PARIS - C’est la plus forte enchère de la vente. Exécutée en 1907 par Pablo Picasso, cette œuvre qui comporte au recto des études préparatoires pour les Demoiselles d’Avignon représentant des reliquaires Kota, et au verso un portrait d’André Salmon, a été préemptée à 1,7 million de francs par le Musée Picasso. Elle a figuré dans plusieurs expositions importantes : “Primitivism in XXth century art, affinity of the tribal and the modern art” au Museum of Modern Art de New York, et “Picasso et le portrait” au MoMA, puis au Grand Palais en 1996. Elle est importante car elle témoigne de l’influence qu’a eue l’art primitif dans l’évolution de l’artiste vers le cubisme. Les autres vedettes de la vente étaient deux masques Punu qui ont largement dépassé leurs estimations. Ainsi de cette pièce du Sud Gabon en bois de fromager, représentant un visage féminin recouvert d’une coiffure constituée d’une coque centrale formée de deux tresses, qui s’est envolée à 1 million de francs, et de cet autre masque Punu, d’une grande simplicité stylistique et d’une profonde intériorité, adjugé 400 000 francs, contre une estimation haute à 250 000 francs. Beau résultat aussi pour un masque Baoulé à la patine noire brillante, représentant un visage d’homme pensif, orné de scarifications signifiées par des clous de tapissier. Estimé 600 000 francs, il a été adjugé 820 000 francs. La partie arts d’Océanie et d’Asie du Sud-Est était, cette année, moins étoffée et moins riche que lors des ventes organisées au printemps 1998 et 1999. On remarquait pourtant une planche Gope de Nouvelle-Guinée (152 cm) ornée de pigments de couleur ocre et noire qui a été adjugée 90 000 francs, et un crâne Asmat Irian Jaya de Nouvelle-Guinée lui aussi, parti à 45 000 francs. La plupart de la cinquantaine d’objets précolombiens, qui ne comprenait aucune pièce majeure, sont partis pour quelques milliers de francs. Les deux plus fortes enchères ont salué la dispersion d’un poncho du Pérou, orné de plumes multicolores, de motifs d’oiseaux stylisés et de motifs ornementaux en forme de vague (50 000 francs) et d’une statuette anthropomorphe en céramique brun-rouge représentant un homme torse nu, aux pectoraux soulignés, assis les jambes écartées (40 000 francs).

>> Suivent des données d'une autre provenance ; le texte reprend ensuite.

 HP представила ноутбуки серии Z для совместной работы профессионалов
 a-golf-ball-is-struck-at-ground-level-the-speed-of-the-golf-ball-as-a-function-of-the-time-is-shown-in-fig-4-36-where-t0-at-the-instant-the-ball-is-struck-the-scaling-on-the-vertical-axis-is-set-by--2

2,5 millions de dollars pour Baudoin de Grunne
Quelques jours plus tôt, Sotheby’s dispersait l’importante collection d’art africain du comte Baudoin de Grunne. La plupart de ces pièces ont été acquises entre 1965 et 1980 auprès de grands collectionneurs et marchands comme Pierre Dartevelle, Philippe Guimiot ou Jacques Kerchache. Plus de 75 % des lots ont été adjugés pour un produit total de 2,5 millions de dollars (18 millions de francs). Les pièces les plus importantes ont été emportées par des marchands européens. Parmi elles, un personnage Songe debout, représenté les mains reposant sur un abdomen protubérant, et un élégant masque Baoulé à la patine brune (162 250 dollars chacun, soit 1,1 million de francs), ainsi qu’une sculpture Kusu-Hemba partie à 132 500 dollars.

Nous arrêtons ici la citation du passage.